Starting at the line below that contains "A quaint, yellow" and ending at the line that contains "Blond meisje modelleren", retype each line exactly as it stands, but omit the pictures.

Saved entries:
===

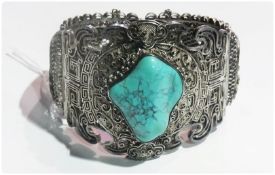 Eastern silver coloured metal and turquoise bangle style bracelet, the misshapen large turquoise set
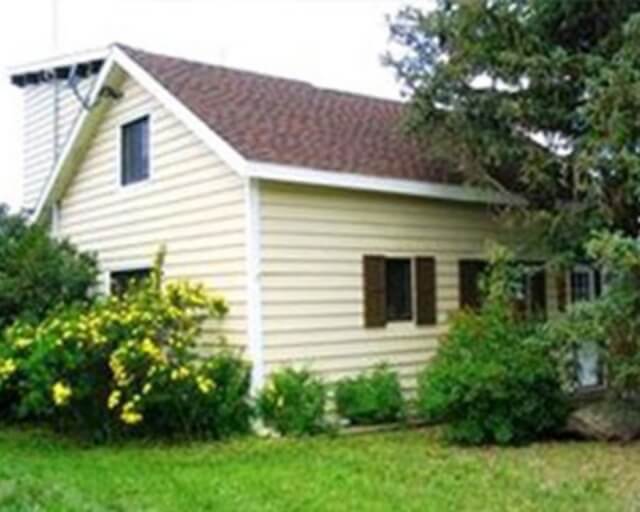 A quaint, yellow house with a brown roof nestled among lush greenery and yellow flowers in Grand County Colorado.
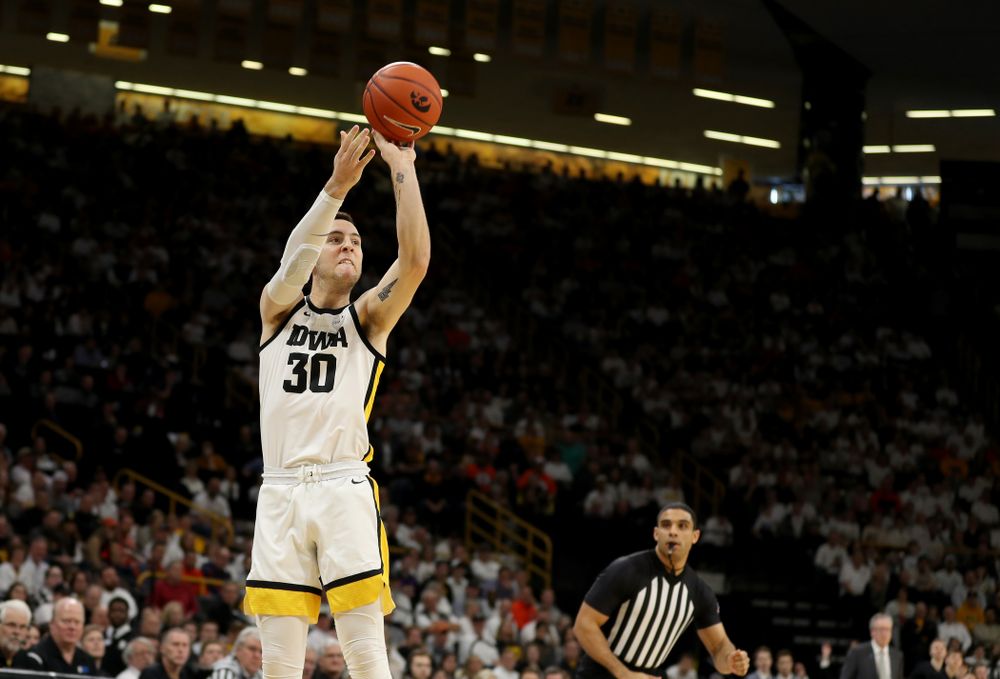 Iowa Hawkeyes guard Connor McCaffery (30) makes a three point basket against the Illinois Fighting Illini Sunday, February 2, 2020 at Carver-Hawkeye Arena. (Brian Ray/hawkeyesports.com)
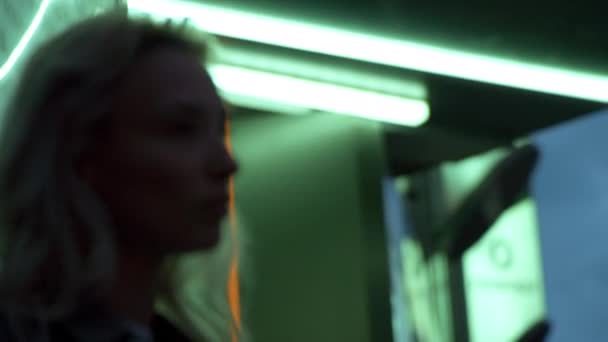 Blond meisje modelleren blik aanraken haar in neon lichten stad achtergrond. — Stockvideo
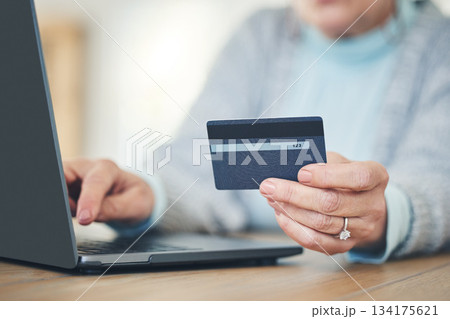 Laptop, credit card and hands typing for online shopping, digital banking or payment in home. Computer, ecommerce and woman on internet for sales, finance or fintech purchase, savings or investment. 134175621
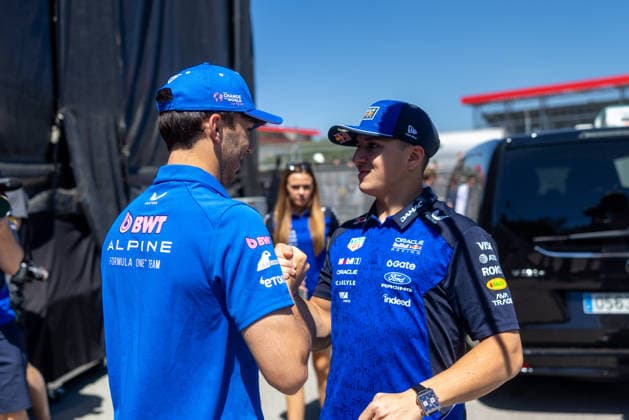 Formula 1 Barcelona Grand Prix 2026 Pierre Gasly (BWT Alpine F1 Team, 10) learns the news about his podium with Isack Hadjar (Oracle Red Bull Racing, 06) on practice day at the Barcelona GP 2026 12 06 2026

===

- [YOUR SOLUTION]:
 A quaint, yellow house with a brown roof nestled among lush greenery and yellow flowers in Grand County Colorado.
 Iowa Hawkeyes guard Connor McCaffery (30) makes a three point basket against the Illinois Fighting Illini Sunday, February 2, 2020 at Carver-Hawkeye Arena. (Brian Ray/hawkeyesports.com)
 Blond meisje modelleren blik aanraken haar in neon lichten stad achtergrond. — Stockvideo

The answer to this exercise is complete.